2034年全球地工磚市場預測－依產品類型、密度、形狀、安裝方法、通路、最終用戶和地區分類的分析

根據 Stratistics MRC 預測，全球地工磚市場預計到 2026 年將達到 12 億美元，到 2034 年將達到 21 億美元，在預測期內複合年成長率為 7.0%。

地工磚是一種超輕質多孔塑膠材料，主要由發泡聚苯乙烯 (EPS) 和押出成型聚苯乙烯(XPS) 組成，設計用於土木工程和建築領域的岩地工程中作為填充材和隔熱材料。地工磚的密度通常在每立方公尺 10 至 45 公斤之間，用作擋土牆後方、路堤下方或軟弱地基或可壓縮路基土上的輕質路堤材料時，可顯著降低荷載。地工磚提供標準密度和高密度兩種等級，以及客製化的塊狀和板狀產品，並有針對更具挑戰性地質條件的特殊配方。

加速全球道路、橋樑和交通運輸系統等基礎建設投資

北美、歐洲和亞洲各國政府的基礎設施建設支出計畫地工磚，尤其是在地質條件複雜、傳統土方工程會導致不可接受的沉降、不穩定或下部結構荷載過大等問題的情況下。

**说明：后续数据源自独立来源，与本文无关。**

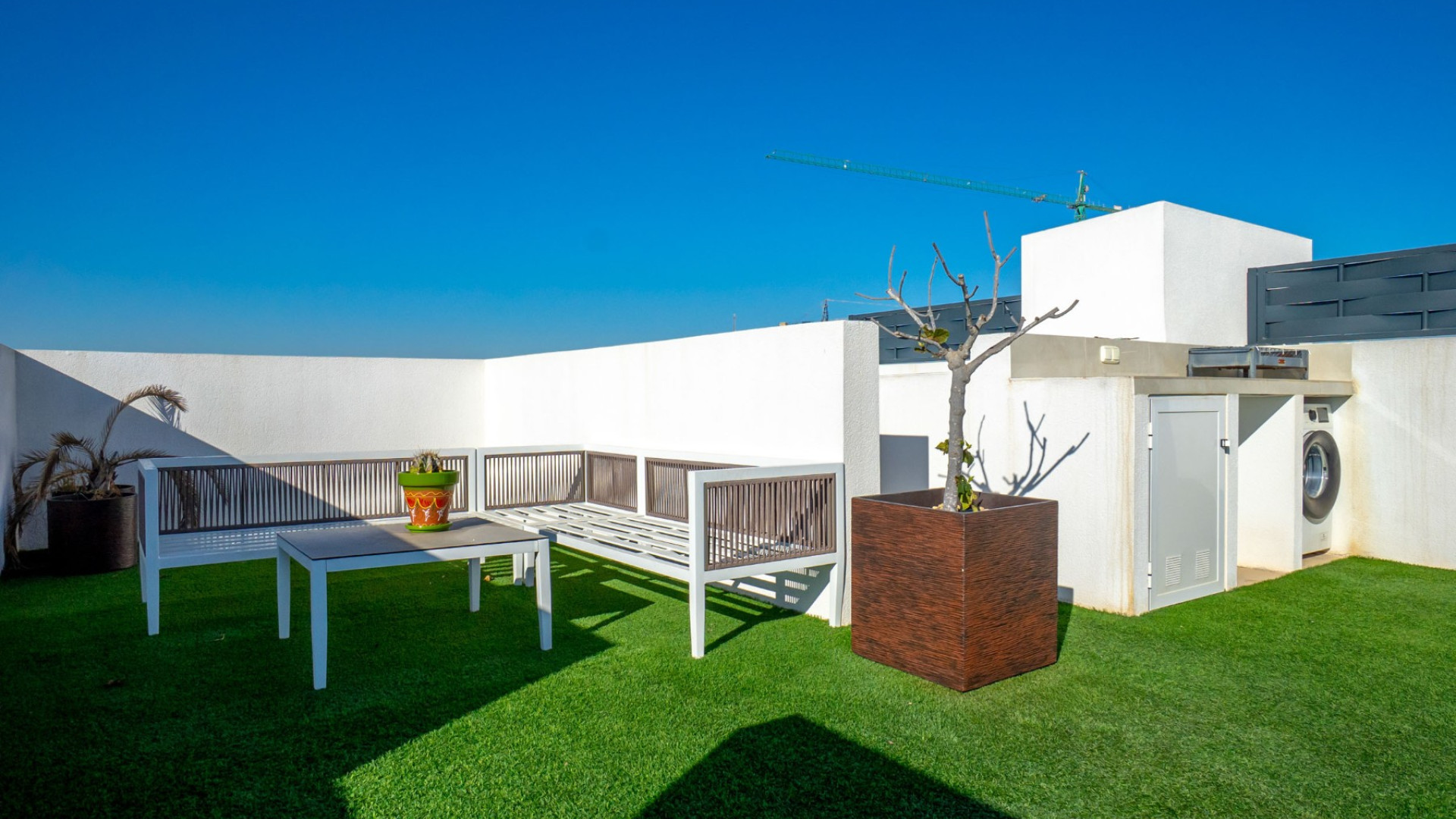 Revente - Apartment - Ciudad Quesada - Lo Marabu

橋樑引道路堤防、軟土地基公路拓寬工程以及回填深度較淺的都市交通隧道是地工磚減載效果至關重要的應用領域。美國《基礎設施投資與就業法案》、歐洲交通基礎設施建設資金以及亞洲基礎設施發展計劃正在擴大地工工程項目的範圍，在這些項目中，地工磚解決方案被視為替代傳統重型路堤的工程方案。

聚苯乙烯廢棄物的管理和使用後處置所引發的環境問題

發泡聚苯乙烯是地工磚的主要成分，由於其生物分解性低、回收基礎設施相對不足以及被指與一次性塑膠污染有關，正面臨全球日益嚴格的環境審查。雖然地工地工磚通常用於土木工程項目，並永久鋪設在道路和建築物下方，但聚苯乙烯整體監管日益嚴格的趨勢正在加劇這種材料的聲譽和監管風險。一些市政當局和運輸公司已對聚苯乙烯產品的採購實施限制，這些限制可能延伸至岩地工程應用領域。即使這些環境問題並非直接針對永久性岩地工程設施，它們也會影響規範制定者的決策，並減緩地工泡棉相對於其他輕質填充材的推廣應用。

寒冷氣候基礎設施和綠色建築地基中的隔熱應用

兼具結構填充材和隔熱材料雙重功能的地工磚，在寒冷地區基礎設施建設項目中日益受到關注，因為在這些地區，防凍至關重要。在永久凍土或季節性凍土地區，道路、管道和建築地基都需要保溫以防止凍脹損壞，而地工磚提供了一種尺寸穩定的工程解決方案，能夠同時滿足岩地工程和隔熱保溫的要求。被動式房屋建造和節能建築地基的日益普及，也逐漸增加了對地工磚作為地基隔熱材料的需求，以減輕軟土地基上的結構荷載。這些以保溫為重點的應用，正在將目標市場拓展到傳統岩土填充材之外。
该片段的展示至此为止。